The error was leading me down the path of an incorrect certificate, but double, triple and even quadruple checking my configuration showed that I had not made a mistake with the certificate. It couldn’t be that, unless GlobalSign suddenly revoked their root certificate.
I took a step back and then it dawned on me. SSLLab tests and Digicert test the certificate using HTTPS protocol. But federation uses SIP TLS on port 5061, not https at all. Then I remembered I could telnet to Office 365 and other partners on 5061 so this should work. Playing devils advocate, I installed the whole certificate chain to my lab edge server, and attempted federation again. Some people have cited this as a fix for this particular error. For me this did not resolve it. Furthermore, I would not have been happy sending the intermediate and root cert to every partner, its not manageable and I would like to hear what Microsoft would have to say if we politely asked them to install “this” certificate to their entire Office 365 cloud.
So, now I have ruled out anything to do with the certificate. What else? Surely, the security team have not added deep packet inspection to the outbound rule? They haven’t for the inbound rule so why would they for the out? Let’s investigate.
Firstly I don’t have access to the firewall, so I will have to do this the old fashioned way and prove it at packet level. First lets take a capture of the edge external access interface
So here I can see that the edge server is sending and trying to complete TLS negotiation to the peer edge. But the peer edge, does not respond to the TLS requests when the source edge sends Client Hello. Instead a RESET packet is received from the peer edge closing the connection.
Normally, this would mean that the problem seems to be the peer end, and usually that would be right, and this is where the recommendation to send your certificate chain to the peer administrator to install on their edges would “get around” the problem. In my case I knew this was unreasonable, and I wanted to see what the peer edge actually received and responded with.

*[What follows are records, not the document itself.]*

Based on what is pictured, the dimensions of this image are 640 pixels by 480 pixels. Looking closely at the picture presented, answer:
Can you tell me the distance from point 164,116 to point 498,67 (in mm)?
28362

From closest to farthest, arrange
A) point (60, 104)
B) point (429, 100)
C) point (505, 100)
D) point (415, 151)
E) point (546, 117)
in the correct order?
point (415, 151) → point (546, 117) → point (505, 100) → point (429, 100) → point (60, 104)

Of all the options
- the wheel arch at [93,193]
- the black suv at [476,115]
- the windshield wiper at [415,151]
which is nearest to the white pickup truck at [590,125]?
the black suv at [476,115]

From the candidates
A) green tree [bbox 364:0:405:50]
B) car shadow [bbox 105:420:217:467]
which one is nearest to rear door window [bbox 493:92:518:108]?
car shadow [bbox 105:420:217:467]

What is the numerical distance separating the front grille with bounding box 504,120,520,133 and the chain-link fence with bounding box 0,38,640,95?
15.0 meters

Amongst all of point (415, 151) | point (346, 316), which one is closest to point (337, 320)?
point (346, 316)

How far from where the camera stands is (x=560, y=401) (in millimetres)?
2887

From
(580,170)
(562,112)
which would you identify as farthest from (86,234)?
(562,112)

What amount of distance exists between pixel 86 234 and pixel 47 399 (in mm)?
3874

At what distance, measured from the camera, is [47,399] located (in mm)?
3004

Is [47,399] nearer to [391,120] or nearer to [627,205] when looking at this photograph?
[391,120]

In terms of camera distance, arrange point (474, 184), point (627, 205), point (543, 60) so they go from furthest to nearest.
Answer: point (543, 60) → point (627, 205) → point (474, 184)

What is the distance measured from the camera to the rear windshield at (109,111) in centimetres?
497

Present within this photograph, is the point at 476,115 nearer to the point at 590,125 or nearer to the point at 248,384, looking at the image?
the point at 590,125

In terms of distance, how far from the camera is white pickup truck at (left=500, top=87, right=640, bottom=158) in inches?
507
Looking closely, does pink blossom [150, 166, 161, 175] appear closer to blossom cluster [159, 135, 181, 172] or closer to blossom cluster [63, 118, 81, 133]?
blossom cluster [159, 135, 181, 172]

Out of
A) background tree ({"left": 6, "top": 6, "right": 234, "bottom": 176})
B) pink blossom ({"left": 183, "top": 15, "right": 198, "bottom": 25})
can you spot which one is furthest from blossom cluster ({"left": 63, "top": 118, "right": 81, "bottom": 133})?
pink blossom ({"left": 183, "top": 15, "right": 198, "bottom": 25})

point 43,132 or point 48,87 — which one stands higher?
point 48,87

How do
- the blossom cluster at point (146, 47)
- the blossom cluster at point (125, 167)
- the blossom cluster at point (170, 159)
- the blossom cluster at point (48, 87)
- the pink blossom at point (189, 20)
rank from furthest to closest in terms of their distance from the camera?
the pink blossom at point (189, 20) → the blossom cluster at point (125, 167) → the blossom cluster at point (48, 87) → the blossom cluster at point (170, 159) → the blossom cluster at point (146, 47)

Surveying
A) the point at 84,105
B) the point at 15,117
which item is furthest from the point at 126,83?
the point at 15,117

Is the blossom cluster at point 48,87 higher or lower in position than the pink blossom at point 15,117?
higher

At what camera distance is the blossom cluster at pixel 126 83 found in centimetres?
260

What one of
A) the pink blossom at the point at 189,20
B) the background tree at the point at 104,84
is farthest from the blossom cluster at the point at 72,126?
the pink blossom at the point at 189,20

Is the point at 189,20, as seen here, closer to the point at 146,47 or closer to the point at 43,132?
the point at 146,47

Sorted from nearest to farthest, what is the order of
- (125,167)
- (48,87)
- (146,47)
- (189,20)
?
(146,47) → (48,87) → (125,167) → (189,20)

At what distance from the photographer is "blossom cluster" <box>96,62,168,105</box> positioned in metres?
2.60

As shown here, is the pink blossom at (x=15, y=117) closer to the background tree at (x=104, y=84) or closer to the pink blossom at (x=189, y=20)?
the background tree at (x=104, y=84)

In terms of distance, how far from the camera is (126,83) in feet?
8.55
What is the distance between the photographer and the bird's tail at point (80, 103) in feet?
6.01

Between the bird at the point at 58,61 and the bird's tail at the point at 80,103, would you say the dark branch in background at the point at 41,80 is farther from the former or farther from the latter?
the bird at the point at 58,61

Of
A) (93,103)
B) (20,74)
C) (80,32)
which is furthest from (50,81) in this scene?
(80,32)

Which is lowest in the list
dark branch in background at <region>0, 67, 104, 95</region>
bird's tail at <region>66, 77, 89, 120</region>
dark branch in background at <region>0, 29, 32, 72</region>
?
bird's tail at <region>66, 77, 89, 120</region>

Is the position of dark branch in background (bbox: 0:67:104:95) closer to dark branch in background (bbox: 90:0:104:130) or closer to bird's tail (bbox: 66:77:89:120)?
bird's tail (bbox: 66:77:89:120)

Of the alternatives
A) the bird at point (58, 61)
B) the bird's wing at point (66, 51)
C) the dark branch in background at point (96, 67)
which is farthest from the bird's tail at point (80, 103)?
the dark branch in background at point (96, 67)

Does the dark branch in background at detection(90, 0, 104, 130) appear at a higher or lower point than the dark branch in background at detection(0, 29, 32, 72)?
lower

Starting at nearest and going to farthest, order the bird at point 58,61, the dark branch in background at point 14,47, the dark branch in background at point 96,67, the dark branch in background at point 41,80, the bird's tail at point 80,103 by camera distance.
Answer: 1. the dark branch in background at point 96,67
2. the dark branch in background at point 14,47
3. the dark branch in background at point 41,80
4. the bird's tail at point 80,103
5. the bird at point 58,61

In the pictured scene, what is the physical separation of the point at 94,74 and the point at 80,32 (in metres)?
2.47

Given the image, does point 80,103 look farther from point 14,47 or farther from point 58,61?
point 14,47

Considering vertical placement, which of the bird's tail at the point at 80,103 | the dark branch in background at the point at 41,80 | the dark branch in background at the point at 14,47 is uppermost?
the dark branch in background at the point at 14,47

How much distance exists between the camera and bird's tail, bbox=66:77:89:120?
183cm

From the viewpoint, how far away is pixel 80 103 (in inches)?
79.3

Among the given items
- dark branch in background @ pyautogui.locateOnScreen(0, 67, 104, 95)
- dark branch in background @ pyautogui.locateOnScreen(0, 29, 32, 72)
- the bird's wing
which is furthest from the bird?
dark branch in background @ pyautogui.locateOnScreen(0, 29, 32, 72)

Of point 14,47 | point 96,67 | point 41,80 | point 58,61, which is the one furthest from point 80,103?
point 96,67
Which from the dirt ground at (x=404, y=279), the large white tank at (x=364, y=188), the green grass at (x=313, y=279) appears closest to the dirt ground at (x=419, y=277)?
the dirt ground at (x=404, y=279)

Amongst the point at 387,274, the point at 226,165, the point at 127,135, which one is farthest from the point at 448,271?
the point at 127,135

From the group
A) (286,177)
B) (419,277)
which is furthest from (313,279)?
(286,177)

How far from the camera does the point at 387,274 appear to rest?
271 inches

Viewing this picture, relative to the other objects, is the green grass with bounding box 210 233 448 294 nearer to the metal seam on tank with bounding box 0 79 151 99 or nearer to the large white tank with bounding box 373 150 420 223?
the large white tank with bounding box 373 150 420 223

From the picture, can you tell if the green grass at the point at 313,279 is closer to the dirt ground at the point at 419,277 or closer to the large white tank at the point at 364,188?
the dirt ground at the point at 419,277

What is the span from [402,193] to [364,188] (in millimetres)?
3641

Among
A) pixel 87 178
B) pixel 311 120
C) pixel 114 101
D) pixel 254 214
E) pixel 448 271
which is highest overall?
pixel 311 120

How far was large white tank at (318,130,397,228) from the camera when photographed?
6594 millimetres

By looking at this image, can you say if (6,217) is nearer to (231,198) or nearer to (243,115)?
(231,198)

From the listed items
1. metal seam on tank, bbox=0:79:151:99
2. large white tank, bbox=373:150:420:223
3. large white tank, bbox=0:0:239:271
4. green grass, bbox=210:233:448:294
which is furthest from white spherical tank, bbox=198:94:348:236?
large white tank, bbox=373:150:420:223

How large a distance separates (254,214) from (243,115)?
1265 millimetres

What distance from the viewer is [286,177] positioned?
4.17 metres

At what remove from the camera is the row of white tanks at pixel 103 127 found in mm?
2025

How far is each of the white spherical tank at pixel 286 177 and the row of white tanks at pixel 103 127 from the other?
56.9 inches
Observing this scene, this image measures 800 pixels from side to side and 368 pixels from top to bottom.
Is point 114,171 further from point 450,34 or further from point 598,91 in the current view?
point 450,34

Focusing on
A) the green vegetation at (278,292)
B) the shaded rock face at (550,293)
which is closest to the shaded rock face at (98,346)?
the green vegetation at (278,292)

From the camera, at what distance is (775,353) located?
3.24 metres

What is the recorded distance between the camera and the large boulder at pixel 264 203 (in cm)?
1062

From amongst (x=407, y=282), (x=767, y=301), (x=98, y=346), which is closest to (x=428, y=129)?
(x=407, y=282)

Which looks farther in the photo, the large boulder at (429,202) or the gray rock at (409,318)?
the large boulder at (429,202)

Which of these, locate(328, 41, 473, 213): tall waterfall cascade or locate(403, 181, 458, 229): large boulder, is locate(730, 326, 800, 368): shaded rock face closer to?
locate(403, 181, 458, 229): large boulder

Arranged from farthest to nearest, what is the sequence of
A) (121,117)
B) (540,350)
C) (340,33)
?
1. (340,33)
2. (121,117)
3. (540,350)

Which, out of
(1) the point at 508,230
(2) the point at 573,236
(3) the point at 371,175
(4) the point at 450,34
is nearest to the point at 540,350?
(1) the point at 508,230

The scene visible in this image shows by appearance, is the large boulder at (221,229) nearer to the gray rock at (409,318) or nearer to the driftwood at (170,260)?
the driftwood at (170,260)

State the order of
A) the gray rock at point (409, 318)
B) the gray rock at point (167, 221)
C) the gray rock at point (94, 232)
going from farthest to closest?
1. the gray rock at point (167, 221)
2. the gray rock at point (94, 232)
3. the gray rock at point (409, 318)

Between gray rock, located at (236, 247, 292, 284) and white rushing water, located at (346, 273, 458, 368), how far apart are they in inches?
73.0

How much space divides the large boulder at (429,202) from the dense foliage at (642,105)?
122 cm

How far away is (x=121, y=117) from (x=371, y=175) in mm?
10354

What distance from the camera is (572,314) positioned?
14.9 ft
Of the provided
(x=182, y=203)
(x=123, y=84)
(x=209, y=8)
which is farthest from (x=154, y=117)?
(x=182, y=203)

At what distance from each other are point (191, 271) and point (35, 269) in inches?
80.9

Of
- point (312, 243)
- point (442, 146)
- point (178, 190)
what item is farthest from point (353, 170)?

From my lab edge I created a simultaneous capture
WOW, here I see the source edge sending a SYN packet, and my edge also sending a SYN followed by replying with an ACK(nowledgement). Then, nothing… finally a RESET coming from the source edge!
Going back to the original snooper and SIP error, we can see that it said that “the peer closed the connection”. In this case it seems both the source edge and the peer edge were equally responsible for tearing down the connection as each received a RST packet from the other.
More importantly, my lab edge does not even see the TLS requests coming from the source edge.
The problem: Packet Inspection
It seems after all that DPI has been enabled on the outbound rule. The DPI rule stated that TLS traffic should have a destination port of 443 and protocol HTTPS. This explains why HTTPS certificate checking succeeded. And also explains why my lab edge cannot see the TLS request over port 5061/SIP. The source firewall was simply refusing to transport the packet because it failed DPI.
For the record, Skype for Business does not support DPI, it should be disabled along with SIP ALG. Please ensure that you make this abundantly clear throughout the process to avoid falling in the same hole as me.
As you can probably tell, I write this post with a degree of sarcasm and frustration. However, on a serious note, this took a lot of time to find and prove, so I hope that reading this will help you save yours if you ever come across the same or similar issue.